When their story begins, Clara has fled their idyllic home in the French countryside and returned to America. Longing for escape and desperate to make his craft have meaning in an upside-down world, Steichen has joined the war effort -- but any hope for escape from his troubled past becomes plainly impossible as soon he finds out that his accused mistress is also on the front, having returned to work as a nurse.
Despite the careful mythology built up around these not exactly fictional heroes, it is once again the peripheral characters -- the wives, the war and, especially, the photographs themselves -- that deliver the most persuasive insights and emotional wallops in both novels. How is it that two men of such penetrating vision can remain so elusive themselves? It may be that, when working with photography, the real, everyday present of artists' lives is eclipsed by the allure of the frozen past.
Mitchell hints at that possibility through a frequent and dramatic use of flashbacks, each of which unfolds like a photograph enchanted into life. In "The Last Summer of the World," Steichen's present is peopled with broken soldiers and broken hearts, but in the past world of his photographs, his friends are vital, his country is peaceful, and his family is intact. The characters of Edward and Clara are increasingly constructed out of the flickers we see of their former selves.
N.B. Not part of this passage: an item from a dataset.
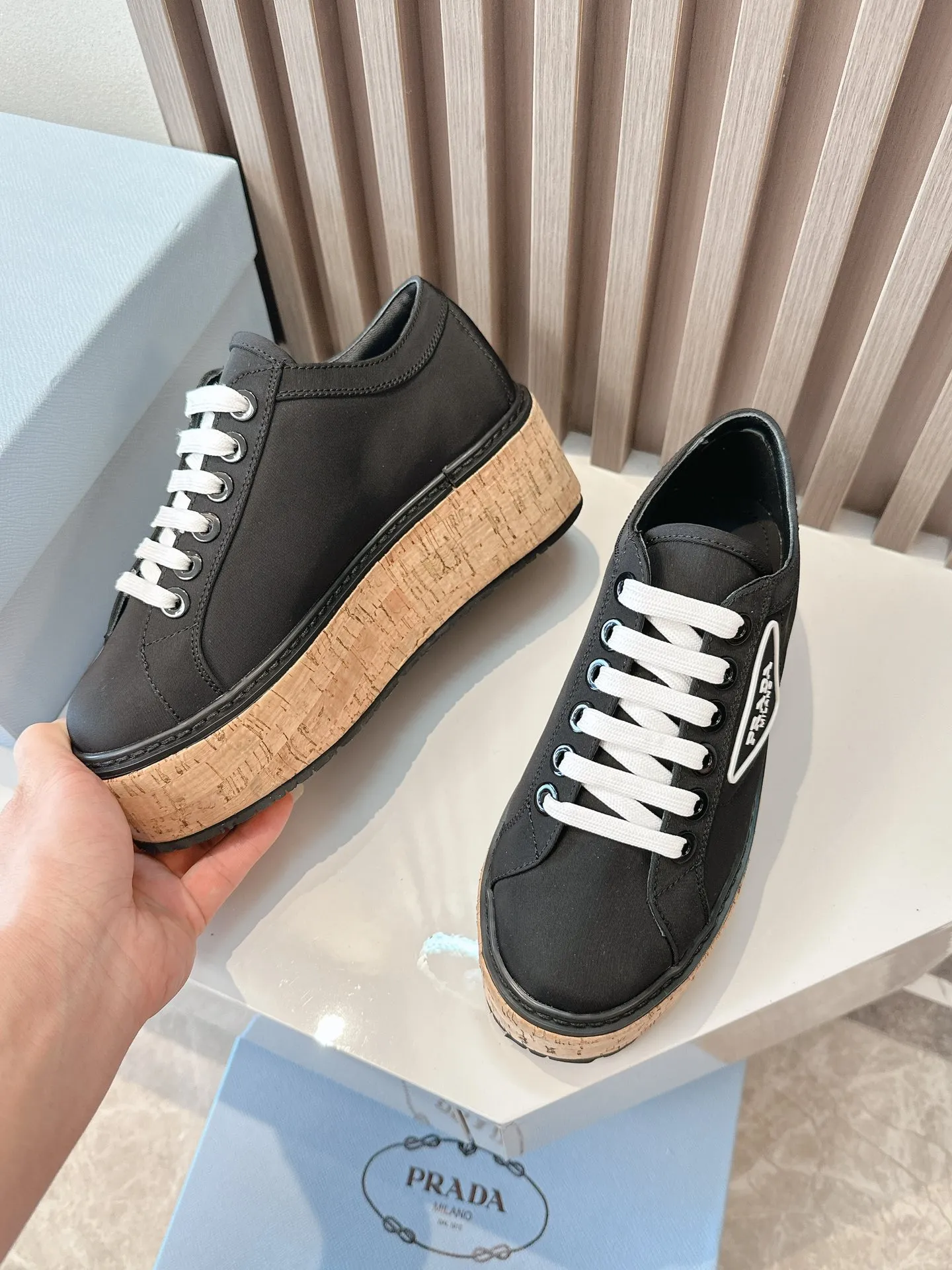 👟👟Ex-factory price 500👟👟 ☑️SNGG ｜Thick-soled high-explosive shoes Super hot Prada Prada 2024 latest spring and summer sawtooth Roman ultra-light thick-soled shoes! Retro, fashionable and avant-garde gear teeth make the whole pair of shoes light, comfortable and brightly colored to satisfy a variety of choices for fashionable people of different styles! The iconic molded injection triangle logo is matched with the shape of the upper foot 🦶🏻It’s super nice, every element is fashionable! - MATERIAL Material - ⇢ Upper: imported silk nylon twill ⇢ Lining: sheepskin lining ⇢ Outsole: TPU wood grain rubber combination outsole ⇢size：#35～40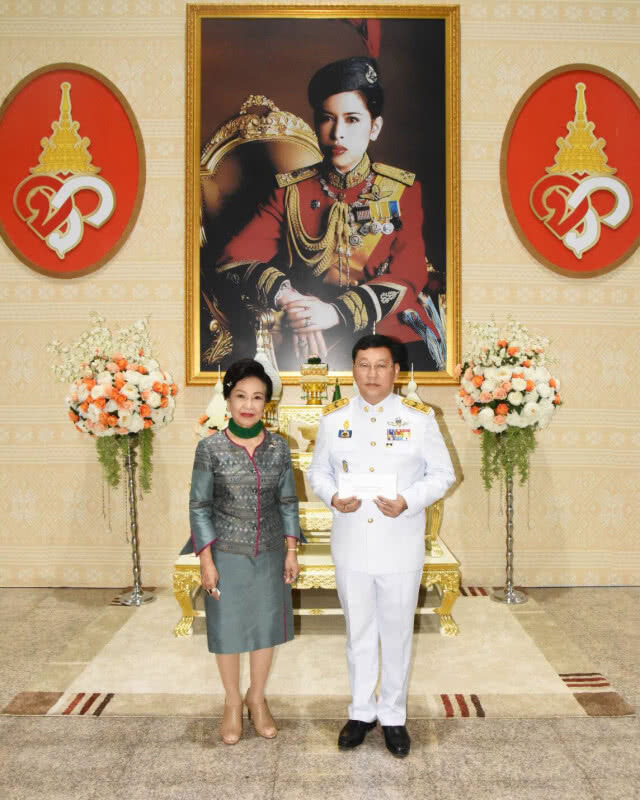 ฟ้าหญิงจุฬาภรณ์ฯ พระราชทานเงินสนับสนุนการปฏิบัติการช่วยเหลือ 13 ชีวิต "ทีมหมูป่า" ติดถ้ำหลวง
Who is more real, the happy maiden behind the piano, eyes still filled with flirtatious admiration for her ambitious young love, or the wife who stands in a disarrayed room in an old farmhouse, looking at her husband's photographs, cursing that their lives could not be so graced?
It is a mournful Clara Steichen who perhaps puts it best, when, toward the end of "The Last Summer of the World," she says of her husband's work: "Here is his vision, elaborated in hundreds of discrete moments, plucked from time and fixed on paper; here are the things he chooses to tell the world about itself. It is a beautiful vision, one in which nothing is ugly and broken, nothing dull and repetitive; the pictures he makes are of a world that can be understood and can therefore be loved without reservation. But she knows there is another version; there are things his vision omits to show."
Both Mitchell and Wiggins pay homage to works of genius, beautifully rendered, even while they (and we) remain fascinated by the men behind the memories and the lives behind the art.